#38 - Ja, that's me. Right now.

„Wir machen das so wie besprochen und fertig", war alles, was Luke dazu noch zu sagen hatte. Seine Stimme war leise und überraschend gefasst.

Er sah auch nicht sonderlich frisch aus, wenn ich ehrlich war. Er hatte Ringe unter den Augen und die Falte auf seiner Stirn war beinahe so tief wie der Marianengraben. Na gut, vielleicht nicht ganz. Aber so tief wie der Teich im Vorgarten meiner Tante Alessandra – Sams Mom – auf jeden Fall.

Oh. Sam.

Wenn sie nicht bald von mir hören würde, drehte sie wahrscheinlich durch.
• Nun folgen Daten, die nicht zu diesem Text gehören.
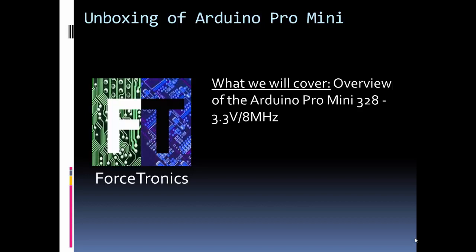Hello and welcome to the Forstronix YouTube channel and blog. In this post we're going to do an unboxing of the Arduino Pro Mini. In this example I'm going to do the 3.3 volt one that's 8 megahertz, but a lot of what I'm going to say applies also to the 5 volt 16 megahertz version as well.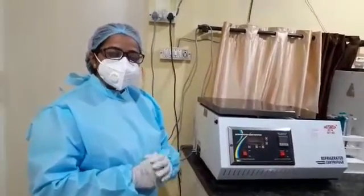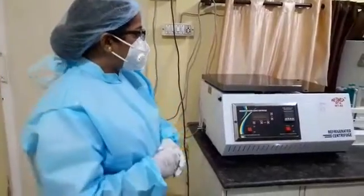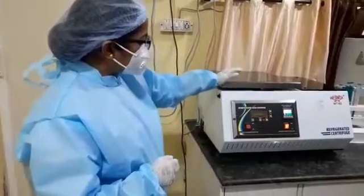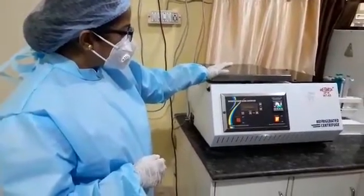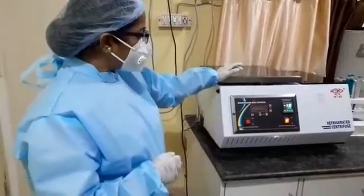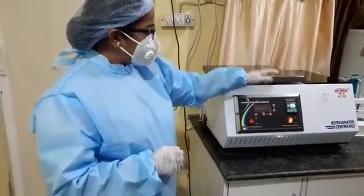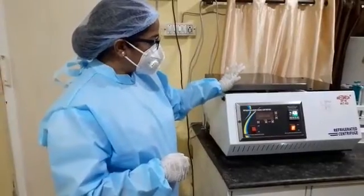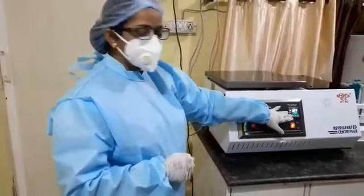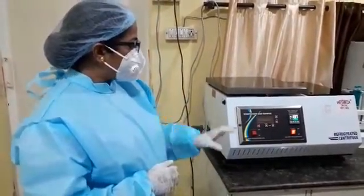Then we switched to a refrigerated centrifuge, where we can reset the temperature down to minus 20 degrees. You can change the temperature according to your convenient level. We set it to minus 20 degrees, and the centrifuge automatically changes from room temperature to the required temperature.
Genauso wie meine Mom. Die hatten ja sicher in den Nachrichten gesehen, was das Wetter hier für einen Schabernack trieb. Oh shit. Ich brauchte WLAN, und zwar schleunigst.

Aber daran war überhaupt nicht zu denken.

Denn es war nur an eins zu denken: Diesen Flughafen zu verlassen. Und das klang einfacher als getan.

Es waren so viele Menschen hier. Warum waren so viele Menschen hier? War jeder Flug des heutigen Tages aus der ganzen Welt hier in New York notgelandet oder was?

Chaos.

Pures Chaos.

Um mich herum, in mir drin.

Wenn nicht bald Stille um mich herum herrschte, würde ich anfangen zu schreien. Oder zusammenzubrechen.

Der Trost war, dass das nicht einmal auffallen würde, denn hunderte andere Leute saßen heulend und schreiend auf dem Boden, also wieso dann nicht auch ich, ich meine, ich –

„Jana."

Wir standen immer noch an Ort und Stelle mitten in einem der grell erleuchteten Terminals, und ich sah zu Calum auf, der mich angesprochen hatte.

„Hm?"

„Bitte nimm meine Hand und folge mir."

Er hielt sie mir hin und ich ergriff sie stumm.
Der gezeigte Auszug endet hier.